God the all-terrible! Thou who ordainest,
Thunder, Thy clarion, and lightning, Thy sword!
and the “long prayer” for victory to the nation's armies. As the prayer closes a white-robed stranger enters, moves up the aisle, and takes the preacher's place; then, after some moments of impressive silence, he begins:
“I come from the Throne-bearing a message from Almighty God!....
He has heard the prayer of His servant, your shepherd, & will grant
it if such shall be your desire after I His messenger shall have
explained to you its import—that is to say its full import. For it
is like unto many of the prayers of men in that it asks for more
than he who utters it is aware of—except he pause & think.
“God's servant & yours has prayed his prayer. Has he paused & taken
thought? Is it one prayer? No, it is two—one uttered, the other
not. Both have reached the ear of Him who heareth all
supplications, the spoken & the unspoken....
“You have heard your servant's prayer—the uttered part of it. I am
commissioned of God to put into words the other part of it—that
part which the pastor—and also you in your hearts—fervently
prayed, silently. And ignorantly & unthinkingly? God grant that it
was so! You heard these words: 'Grant us the victory, O Lord our
God!' That is sufficient. The whole of the uttered prayer is
completed into those pregnant words.
“Upon the listening spirit of God the Father fell also the unspoken
part of the prayer. He commandeth me to put it into words. Listen!

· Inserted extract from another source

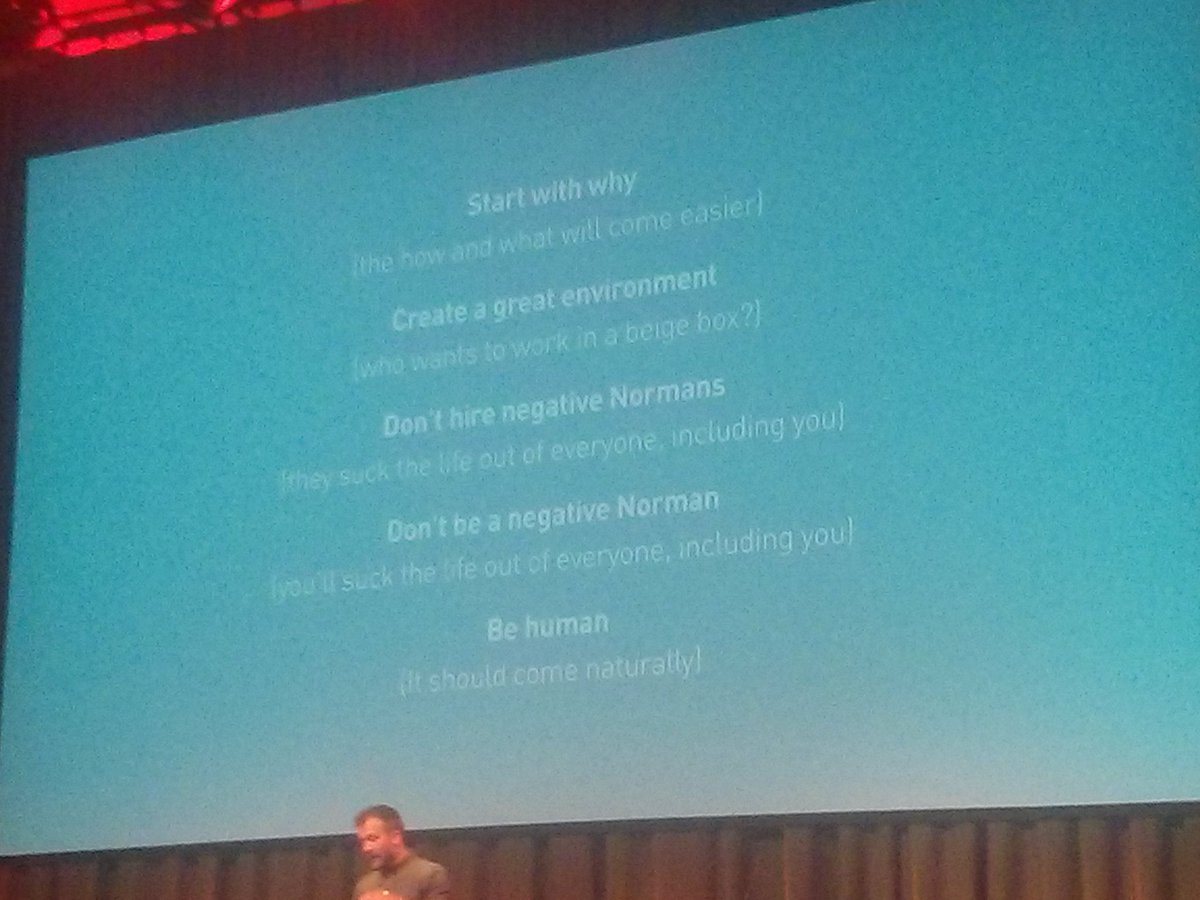 SIE_GCU's tweet photo. Tips for the brand man @madebrave @dobbieandrew  #SIEsummit2016 https://t.co/vyYZuOUvGU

“O Lord our Father, our young patriots, idols of our hearts, go
forth to battle—be Thou near them! With them—in spirit—we
also go forth from the sweet peace of our beloved firesides to
smite the foe.
“O Lord our God, help us to tear their soldiers to bloody
shreds with our shells; help us to cover their smiling fields
with the pale forms of their patriot dead; help us to drown the
thunder of the guns with the wounded, writhing in pain; help us
to lay waste their humble homes with a hurricane of fire; help
us to wring the hearts of their unoffending widows with
unavailing grief; help us to turn them out roofless with their
little children to wander unfriended through wastes of their
desolated land in rags & hunger & thirst, sport of the sun-
flames of summer & the icy winds of winter, broken in spirit,
worn with travail, imploring Thee for the refuge of the grave &
denied it—for our sakes, who adore Thee, Lord, blast their
hopes, blight their lives, protract their bitter pilgrimage,
make heavy their steps, water their way with their tears, stain
the white snow with the blood of their wounded feet! We ask of
one who is the Spirit of love & who is the ever-faithful refuge
& friend of all that are sore beset, & seek His aid with humble
& contrite hearts. Grant our prayer, O Lord; & Thine shall be
the praise & honor & glory now & ever, Amen.”
(After a pause.) “Ye have prayed it; if ye still desire it,
speak!—the messenger of the Most High waits.”
...............
It was believed, afterward, that the man was a lunatic, because
there was no sense in what he said.
To Dan Beard, who dropped in to see him, Clemens read the “War Prayer,” stating that he had read it to his daughter Jean, and others, who had told him he must not print it, for it would be regarded as sacrilege.
“Still you—are going to publish it, are you not?”
Clemens, pacing up and down the room in his dressing-gown and slippers, shook his head.
“No,” he said, “I have told the whole truth in that, and only dead men can tell the truth in this world. It can be published after I am dead.”
He did not care to invite the public verdict that he was a lunatic, or even a fanatic with a mission to destroy the illusions and traditions and conclusions of mankind. To Twichell he wrote, playfully but sincerely:
Am I honest? I give you my word of honor (privately) I am not. For seven years I have suppressed a book which my conscience tells me I ought to publish. I hold it a duty to publish it. There are other difficult duties which I am equal to, but I am not equal to that one. Yes, even I am dishonest. Not in many ways, but in some. Forty-one, I think it is. We are certainly all honest in one or several ways—every man in the world—though I have a reason to think I am the only one whose blacklist runs so light. Sometimes I feel lonely enough in this lofty solitude.
It was his Gospel he referred to as his unpublished book, his doctrine of Selfishness, and of Man the irresponsible Machine. To Twichell he pretended to favor war, which he declared, to his mind, was one of the very best methods known of diminishing the human race.